| PROBLEM REQUIREMENTS |
Within the listing that follows, reproduce exactly the lines starting at the line with "2.2 acres nestled" and ending at the line with "More Photos Of", inclusive, and only those. Pictures are dropped.

| DATA TO USE |
☆ ☆ ☆ ☆ ☆ ☆ ☆

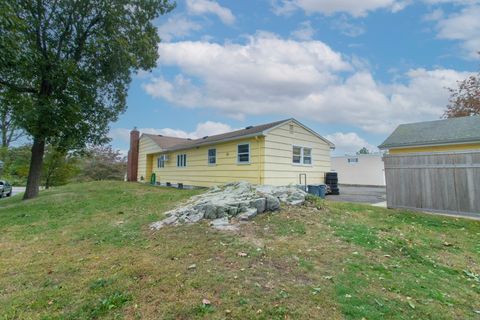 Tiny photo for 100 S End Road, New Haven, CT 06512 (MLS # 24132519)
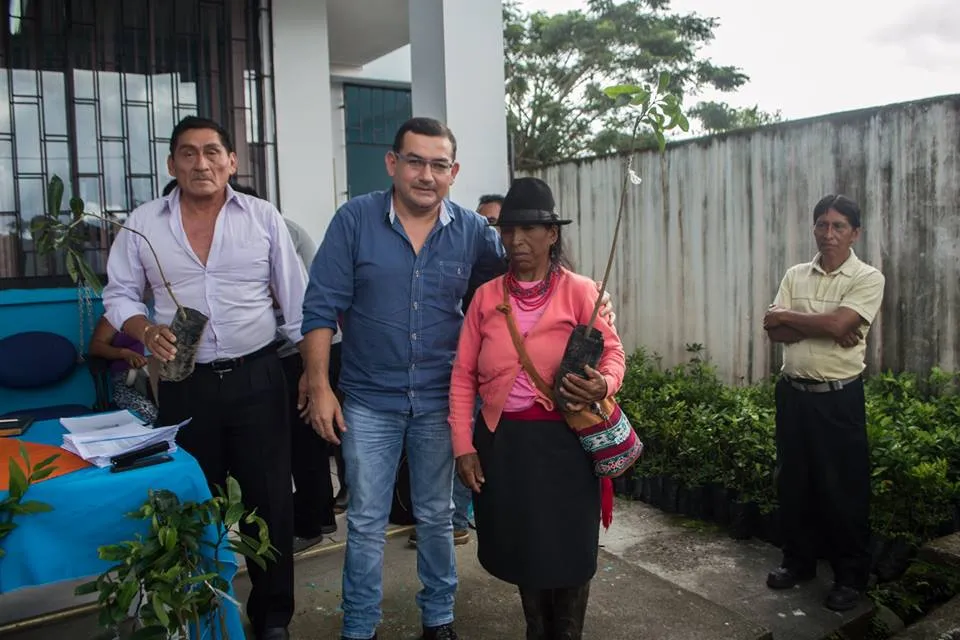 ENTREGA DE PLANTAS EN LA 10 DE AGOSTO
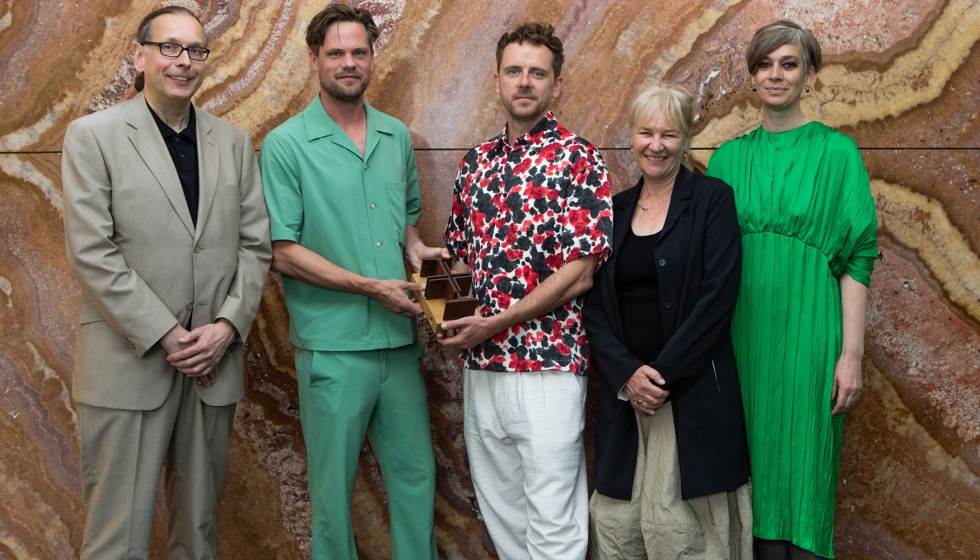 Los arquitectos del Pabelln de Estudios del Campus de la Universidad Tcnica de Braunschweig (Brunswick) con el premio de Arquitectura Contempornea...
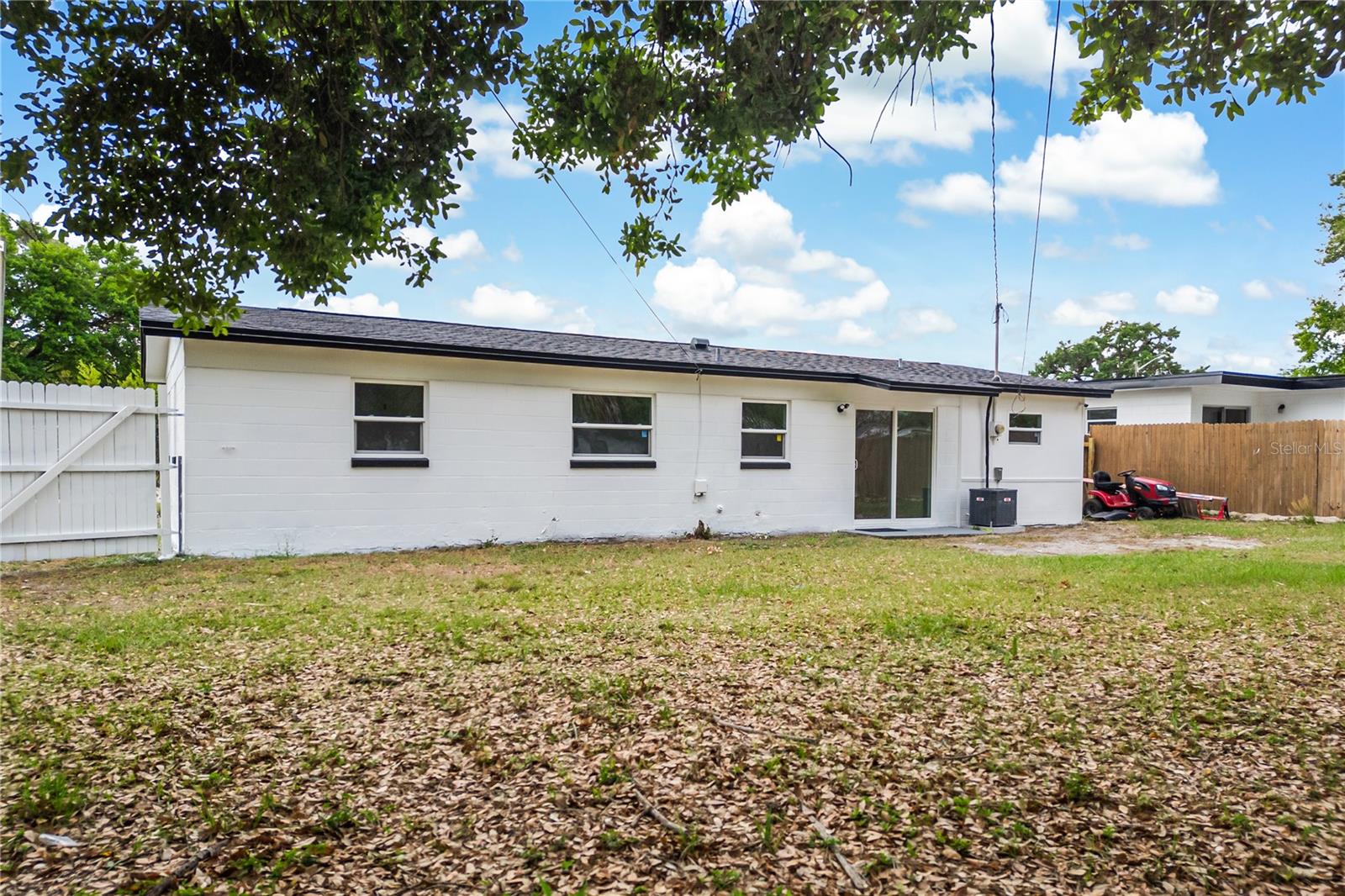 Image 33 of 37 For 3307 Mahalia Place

☆ ☆ ☆ ☆ ☆ ☆ ☆

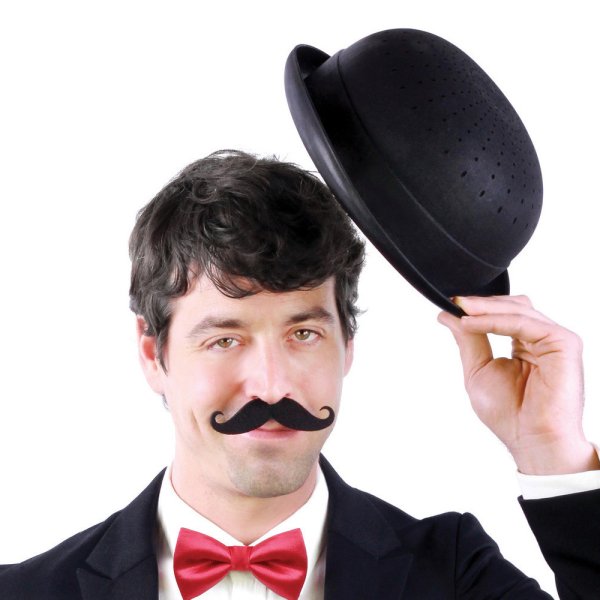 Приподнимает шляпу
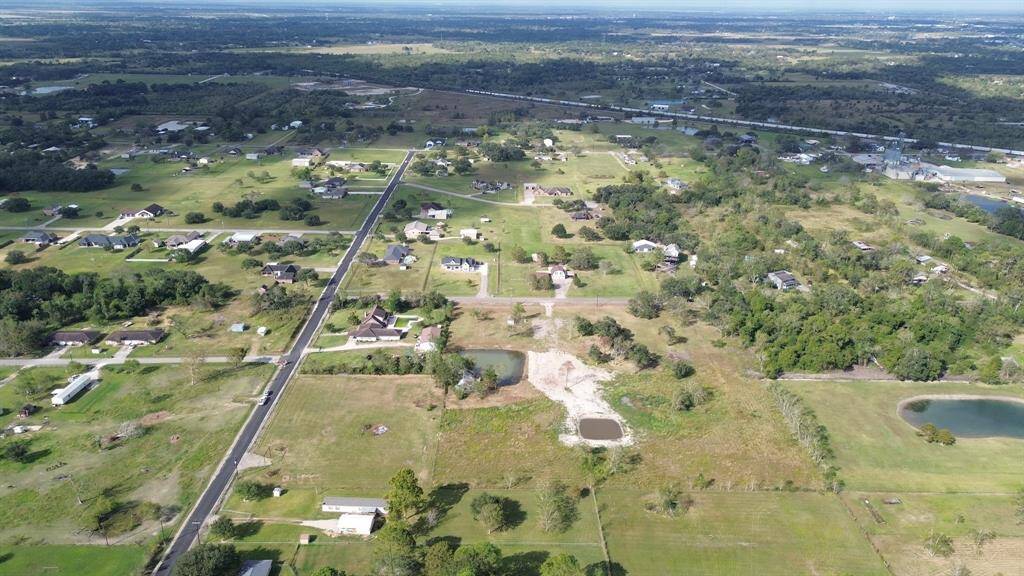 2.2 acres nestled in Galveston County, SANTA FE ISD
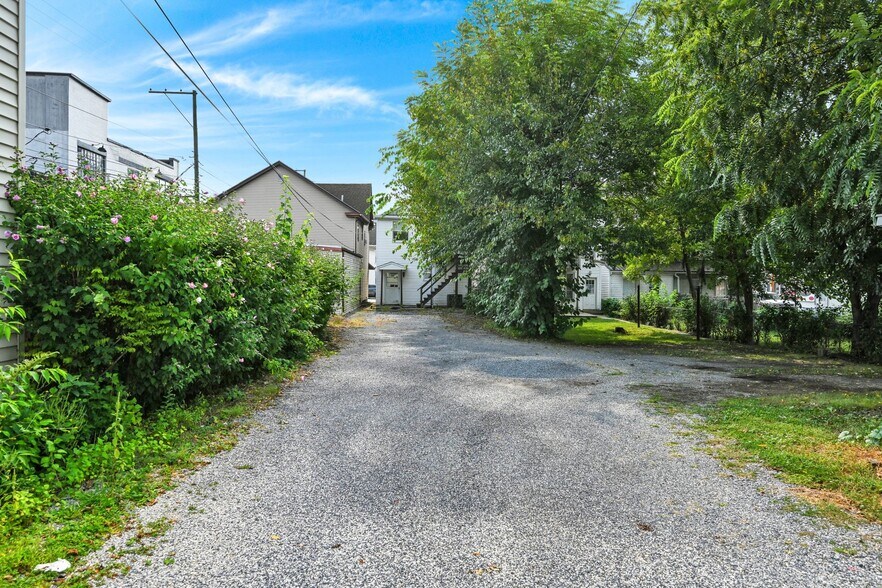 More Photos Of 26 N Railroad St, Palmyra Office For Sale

☆ ☆ ☆ ☆ ☆ ☆ ☆

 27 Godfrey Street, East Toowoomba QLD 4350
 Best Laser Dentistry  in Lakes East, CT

☆ ☆ ☆ ☆ ☆ ☆ ☆

| OUTPUT FOR THIS TASK |
 2.2 acres nestled in Galveston County, SANTA FE ISD
 More Photos Of 26 N Railroad St, Palmyra Office For Sale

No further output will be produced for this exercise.